Chodzi o pakiet SLIM VAT 3, który poza zmianami w VAT, wprowadza kilka zmian w PIT, jak m.in. możliwość skorzystania rodzinnej przez rodziców wychowujących jedno dziecko z niepełnosprawnością. Zmiana jest korzystna i można jedynie wyrazić zdziwienie, dlaczego wprowadzono ją tak późno. A problem był przecież znany od lat.

Zobacz również: ​Przez lipcowe zmiany w PIT podatnicy znów będą kredytować budżet państwa >> 

Dotychczas rodzice niepełnosprawnego dziecka nie mogli odliczyć ulgi, jeśli ich dochody przekroczyły określony poziom. Było to 112 tys. zł w przypadku małżonków lub osób wychowujących dziecko samotnie oraz po 56 tys. zł w przypadku osób nie pozostających w związku małżeńskim. Zarobki nie mają natomiast znaczenia, jeśli rodzice mają dwoje lub więcej dzieci. 

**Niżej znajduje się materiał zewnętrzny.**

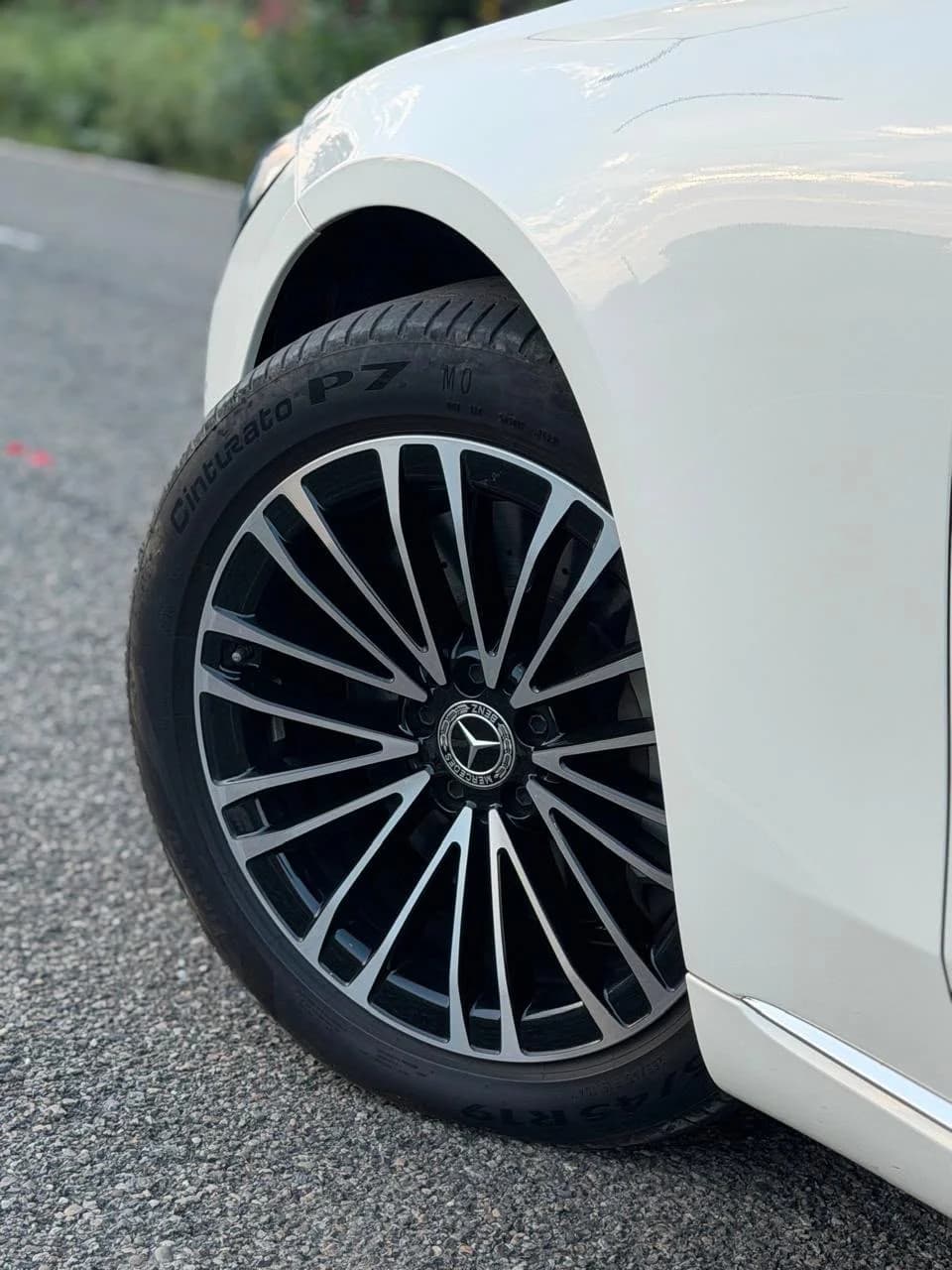 Mercedes-Benz S-Class exterior view 2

Ustawodawca dopiero teraz uwzględnił argument, że wychowanie dziecka z niepełnosprawnością wymaga zwykle większych wydatków. A rodziców zarabiających łącznie 112 tys. zł trudno uznać za osoby bardzo zamożne.

Dlaczego problemu nie rozwiązano wcześniej? W 2022 r. było kilka możliwości: pierwsza duża nowelizacja weszła w życie 1 stycznia (Polski Ład), a kolejna 1 lipca (Niskie Podatki). Można było „przy okazji” wprowadzić zmiany w uldze na dzieci.

Powstaje też inne pytanie: dlaczego nie wyciągnięto wniosków z ubiegłorocznego zamieszania wynikającego z wejścia w życie przepisów Polskiego Ładu w połowie roku? Okazuje się, że podatnicy znów będą kredytować budżet państwa. Przykładem jest jedna z wprowadzanych od lipca zmian, która dwukrotnie zwiększa limit przychodów małżonków z najmu prywatnego. Będą płacić wyższą stawkę ryczałtu – 12,5 proc. – po przekroczeniu 200 tys. zł przychodów (obecnie 100 tys. zł). Ale nadpłacony podatek odzyskają dopiero po zakończeniu roku, składając zeznanie za 2023 r.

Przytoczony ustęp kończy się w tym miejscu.